(Beginning of Information shown)

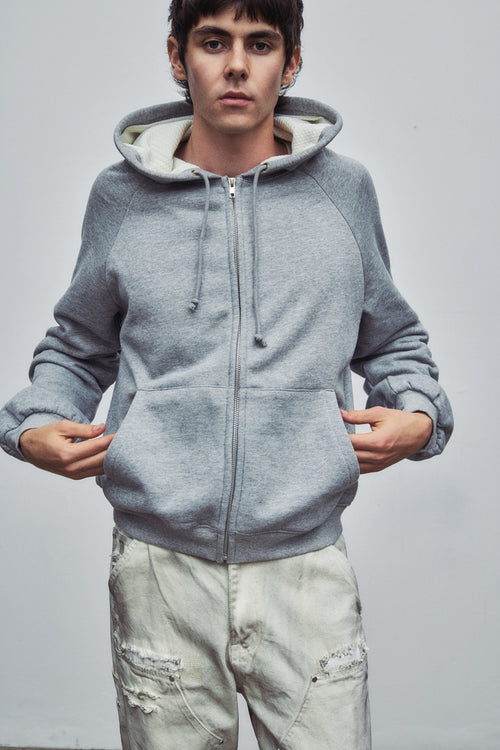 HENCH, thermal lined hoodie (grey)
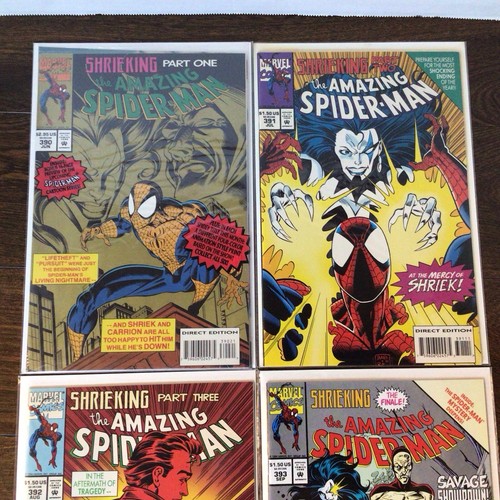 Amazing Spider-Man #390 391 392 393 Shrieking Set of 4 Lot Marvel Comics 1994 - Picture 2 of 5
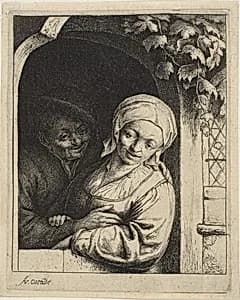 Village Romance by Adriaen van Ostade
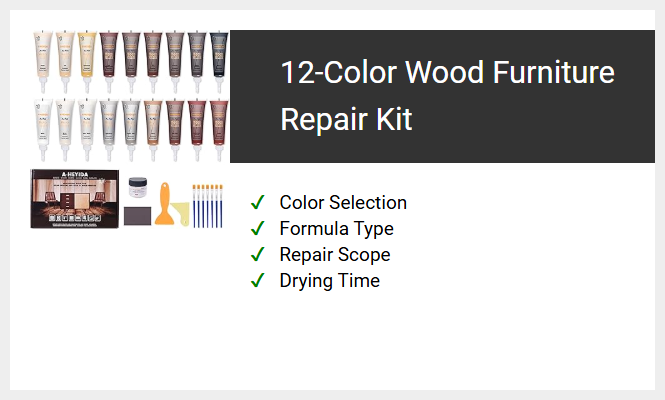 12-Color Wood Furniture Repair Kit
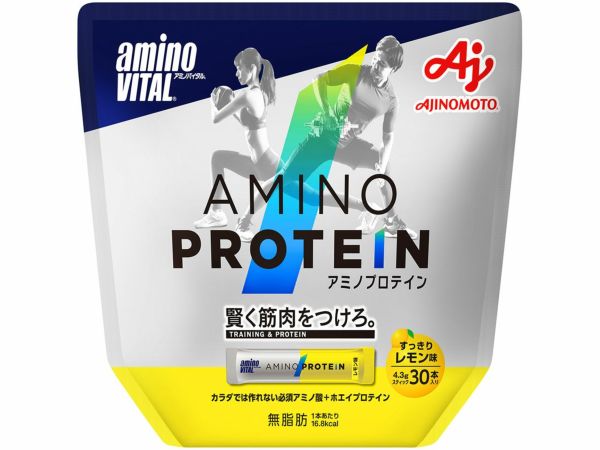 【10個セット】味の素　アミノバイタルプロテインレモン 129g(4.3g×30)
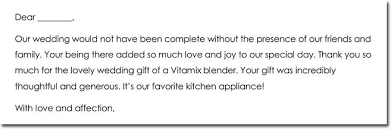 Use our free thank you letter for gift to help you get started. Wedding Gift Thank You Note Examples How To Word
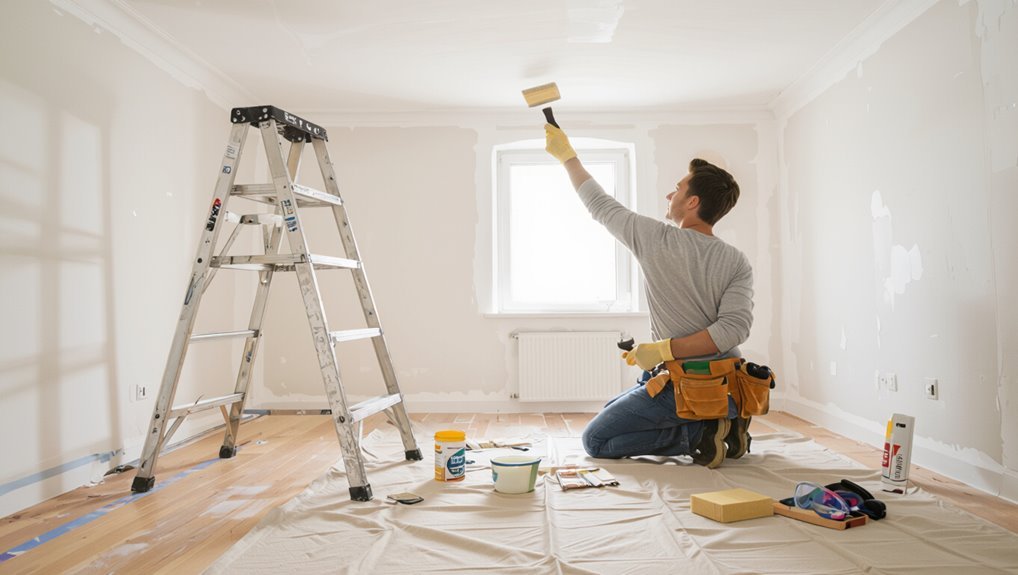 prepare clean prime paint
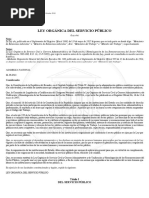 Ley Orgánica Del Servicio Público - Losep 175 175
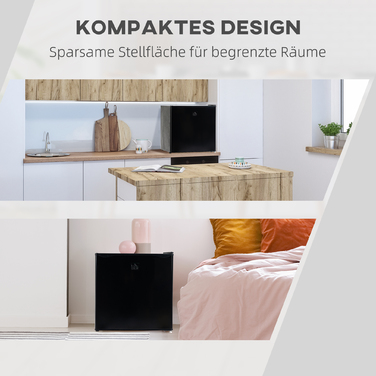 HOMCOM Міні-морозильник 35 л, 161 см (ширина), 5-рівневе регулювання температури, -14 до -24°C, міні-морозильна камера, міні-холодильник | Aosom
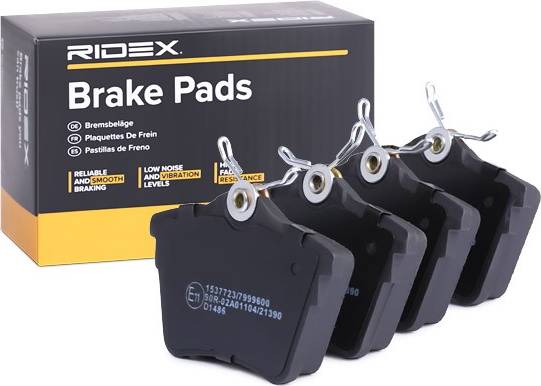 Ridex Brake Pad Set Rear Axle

(End of Information shown)
(Beginning of Information shown)

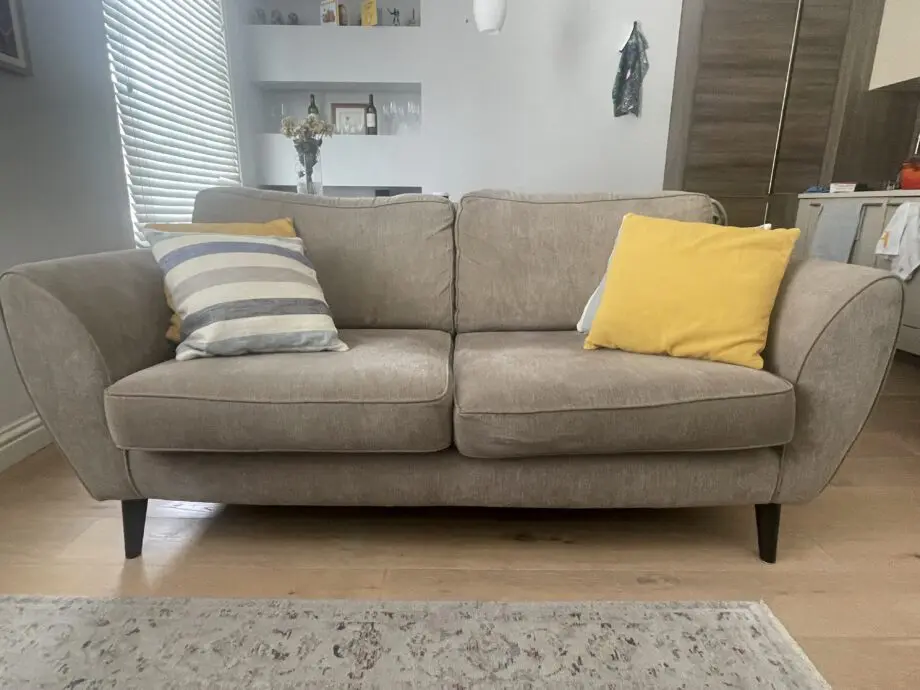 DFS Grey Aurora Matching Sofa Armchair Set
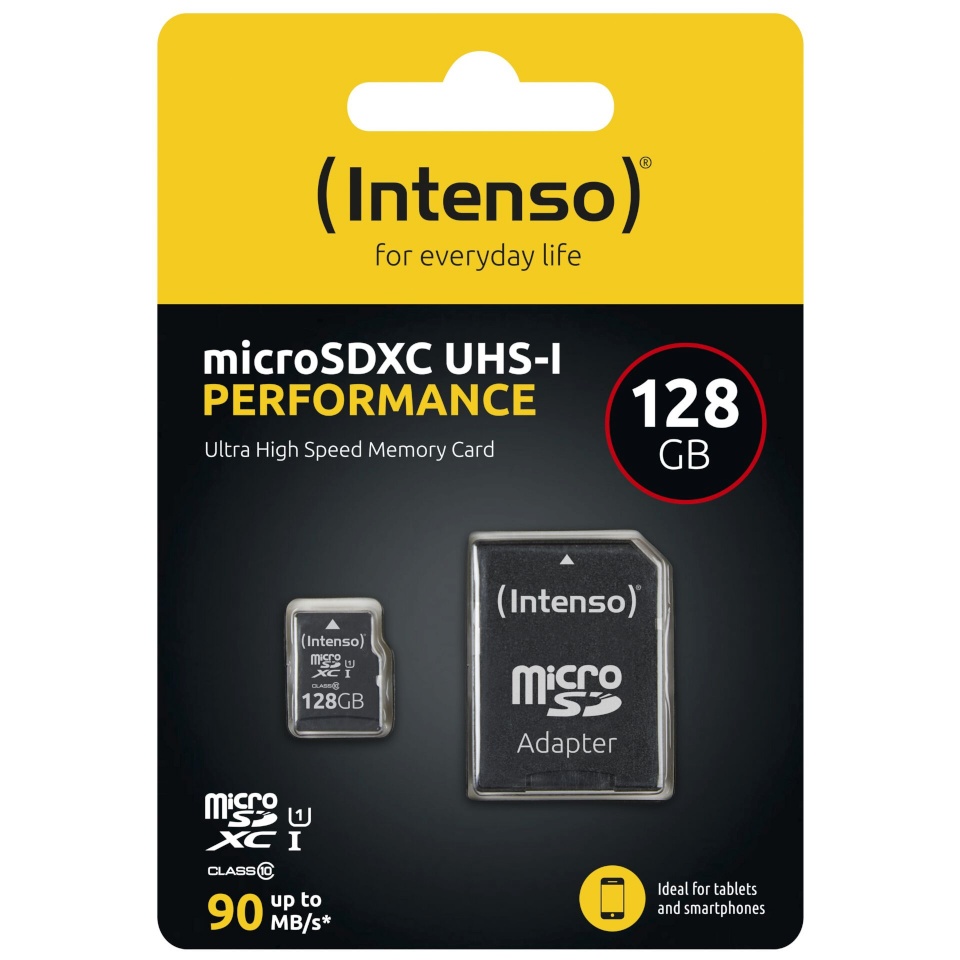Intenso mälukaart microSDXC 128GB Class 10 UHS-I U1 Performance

(End of Information shown)

#### Your instructions
Within the listing above, copy exactly the lines that start at the one with "HENCH, thermal lined hoodie (grey)" and continue through the one with "Ridex Brake Pad Set Rear Axle". Omit pictures.

#### Response
 HENCH, thermal lined hoodie (grey)
 Amazing Spider-Man #390 391 392 393 Shrieking Set of 4 Lot Marvel Comics 1994 - Picture 2 of 5
 Village Romance by Adriaen van Ostade
 12-Color Wood Furniture Repair Kit
 【10個セット】味の素　アミノバイタルプロテインレモン 129g(4.3g×30)
 Use our free thank you letter for gift to help you get started. Wedding Gift Thank You Note Examples How To Word
 prepare clean prime paint
 Ley Orgánica Del Servicio Público - Losep 175 175
 HOMCOM Міні-морозильник 35 л, 161 см (ширина), 5-рівневе регулювання температури, -14 до -24°C, міні-морозильна камера, міні-холодильник | Aosom
 Ridex Brake Pad Set Rear Axle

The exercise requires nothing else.